A veces Sophie me prestaba su ropa, pero incluso entonces, me sentía fuera de lugar. Tenía una feminidad fluida, la gracia pasiva de una hablante nativa. Yo trataba de aprender las reglas de memoria. Sólo años más tarde, cuando finalmente fracasé, me di cuenta de que «¡esa chica era una JAP!»
La princesa judía americana, o JAP, encarna tanto una actitud como un estilo de vestir. El arquetipo se forjó a mediados de la década de 1950, en consonancia con el ascenso de la clase media judía estadounidense. Nadie sabe de dónde procede. La JAP ha sobrevivido gracias a una alianza con la cultura pop, mostrando su rostro esporádicamente en los libros, en la música y en la pantalla, incluso hasta el presente.

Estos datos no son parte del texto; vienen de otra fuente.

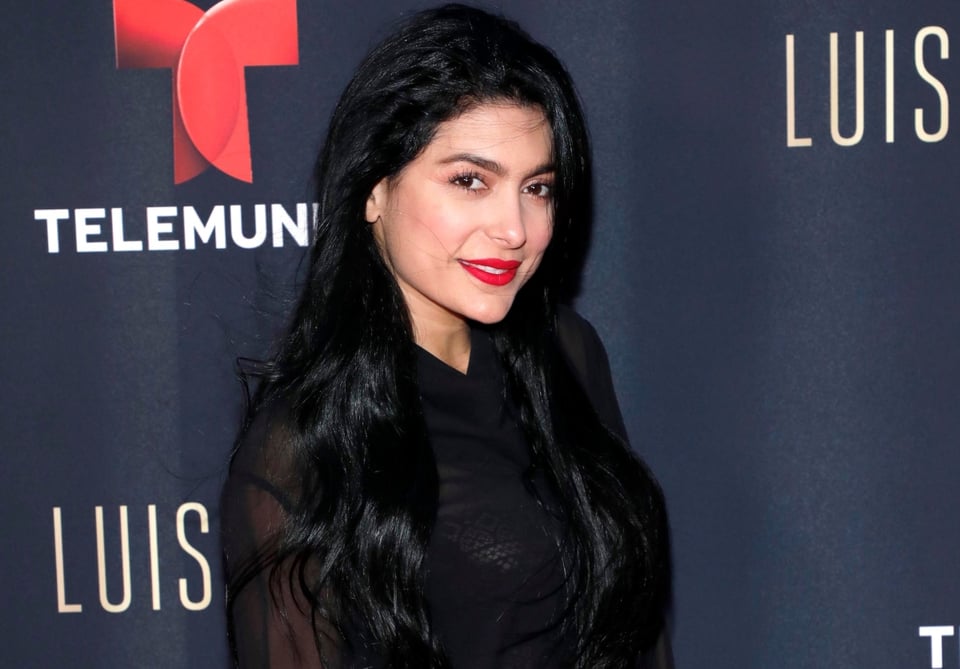 Vanessa Lyon estuvo casada cuando se comprometió y tuvo un hijo con Carlos Calderón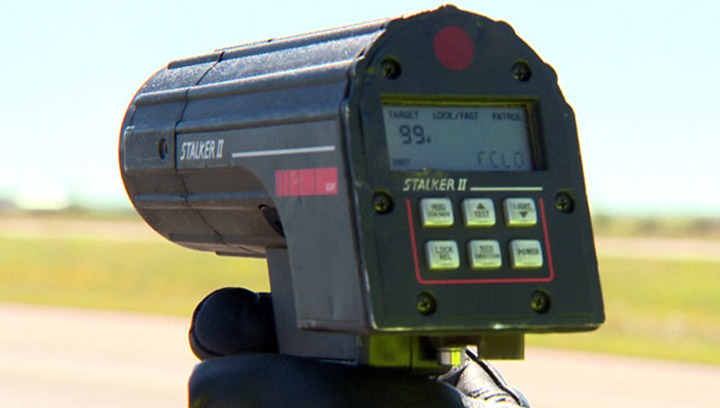 RMCP charge teen, seize vehicle after being clocked at 65 km/h over the speed limit in Yorkton school zone.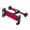 Red Buckle, variant on Telescopic Car Rear Pillow Phone Holder Tablet Car Stand Seat Rear Headrest Mounting Bracket for Phone Tablet 4-11 Inch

La JAP no es ni judía ni estadounidense solamente. Se da a conocer allí donde estas identidades chocan en una calamidad de bolsos Coach, ropa de descanso de alta gama y disposiciones autorizadas hacia el lujo y la facilidad. Para las niñas judías estadounidenses en lugares judíos estadounidenses – campamentos de verano, escuelas hebreas, los suburbios de Nueva Jersey – su imagen establece una lista de reglas inelásticas, un camino predeterminado a través de la oscuridad de la adolescencia hacia las llamas de la vida judía femenina. Es a la vez un marcador de identidad real y un estereotipo imaginado. Como la mayoría de las construcciones culturales que dicen a las mujeres cómo deben ser, su imagen puede ser liberadora y opresiva al mismo tiempo.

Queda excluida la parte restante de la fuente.